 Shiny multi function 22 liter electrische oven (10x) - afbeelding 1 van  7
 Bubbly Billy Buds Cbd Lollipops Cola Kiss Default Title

--- --- ---

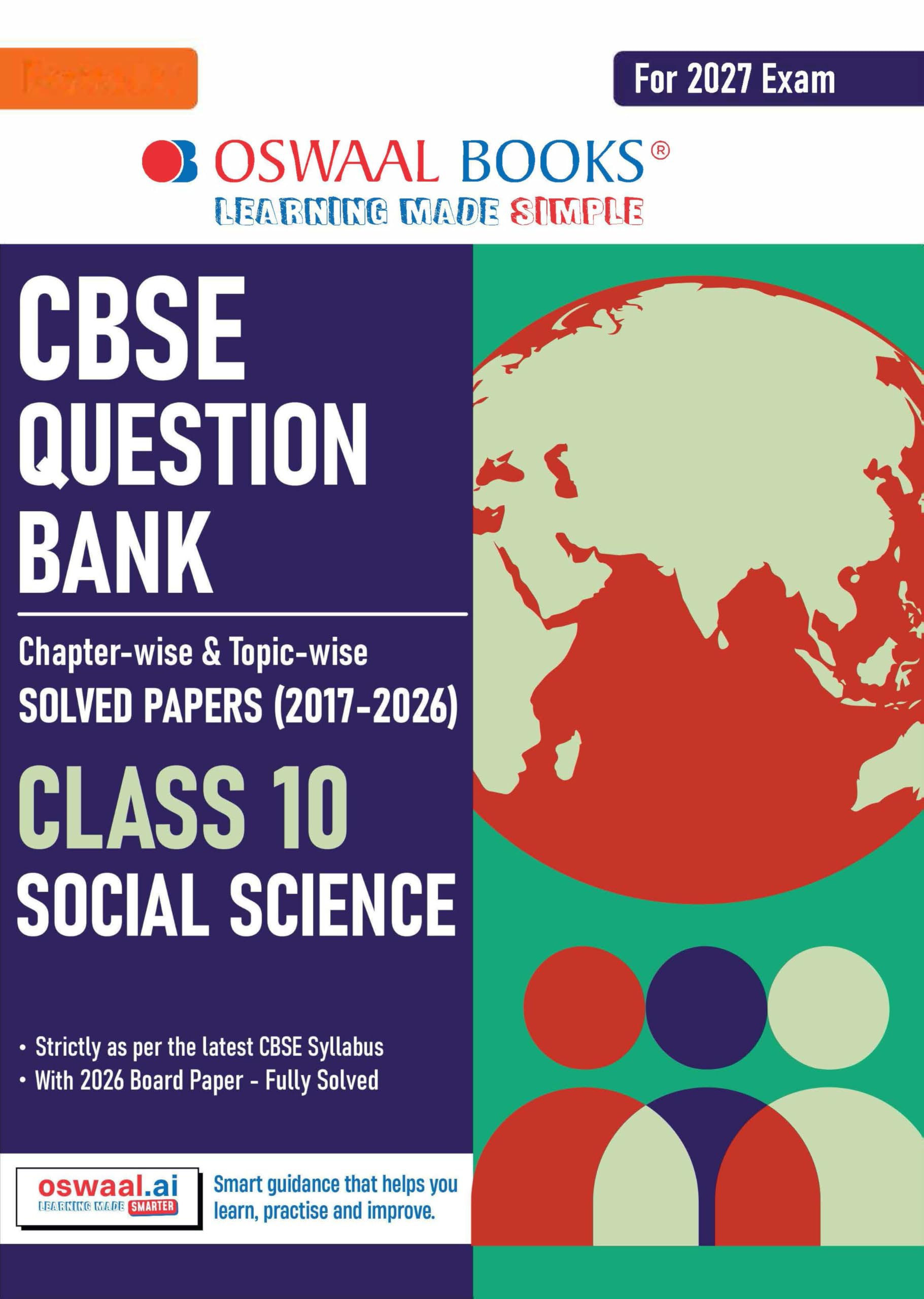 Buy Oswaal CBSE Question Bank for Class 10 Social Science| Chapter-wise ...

--- --- ---

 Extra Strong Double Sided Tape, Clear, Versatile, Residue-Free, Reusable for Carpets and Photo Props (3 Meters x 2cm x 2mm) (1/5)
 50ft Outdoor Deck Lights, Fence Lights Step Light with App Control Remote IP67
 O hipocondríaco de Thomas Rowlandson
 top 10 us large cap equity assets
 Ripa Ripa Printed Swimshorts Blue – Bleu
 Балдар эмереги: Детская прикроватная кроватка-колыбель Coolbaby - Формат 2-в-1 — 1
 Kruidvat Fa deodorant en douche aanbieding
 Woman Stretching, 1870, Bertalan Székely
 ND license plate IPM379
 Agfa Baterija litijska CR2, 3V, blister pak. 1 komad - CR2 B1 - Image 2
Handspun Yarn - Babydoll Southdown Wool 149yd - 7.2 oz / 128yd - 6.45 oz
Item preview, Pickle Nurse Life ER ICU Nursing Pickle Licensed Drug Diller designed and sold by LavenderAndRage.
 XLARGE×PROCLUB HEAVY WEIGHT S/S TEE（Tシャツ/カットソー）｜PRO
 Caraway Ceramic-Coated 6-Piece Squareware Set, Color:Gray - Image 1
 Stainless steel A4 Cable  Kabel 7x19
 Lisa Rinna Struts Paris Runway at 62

--- --- ---

▶ **Aim of the exercise**
Please give again the lines above between the line holding "top 10 us large cap equity assets" and the line holding "Lisa Rinna Struts Paris Runway at 62", inclusive, exactly as they are and with nothing added.

▶ **Response for this exercise**
 top 10 us large cap equity assets
 Ripa Ripa Printed Swimshorts Blue – Bleu
 Балдар эмереги: Детская прикроватная кроватка-колыбель Coolbaby - Формат 2-в-1 — 1
 Kruidvat Fa deodorant en douche aanbieding
 Woman Stretching, 1870, Bertalan Székely
 ND license plate IPM379
 Agfa Baterija litijska CR2, 3V, blister pak. 1 komad - CR2 B1 - Image 2
Handspun Yarn - Babydoll Southdown Wool 149yd - 7.2 oz / 128yd - 6.45 oz
Item preview, Pickle Nurse Life ER ICU Nursing Pickle Licensed Drug Diller designed and sold by LavenderAndRage.
 XLARGE×PROCLUB HEAVY WEIGHT S/S TEE（Tシャツ/カットソー）｜PRO
 Caraway Ceramic-Coated 6-Piece Squareware Set, Color:Gray - Image 1
 Stainless steel A4 Cable  Kabel 7x19
 Lisa Rinna Struts Paris Runway at 62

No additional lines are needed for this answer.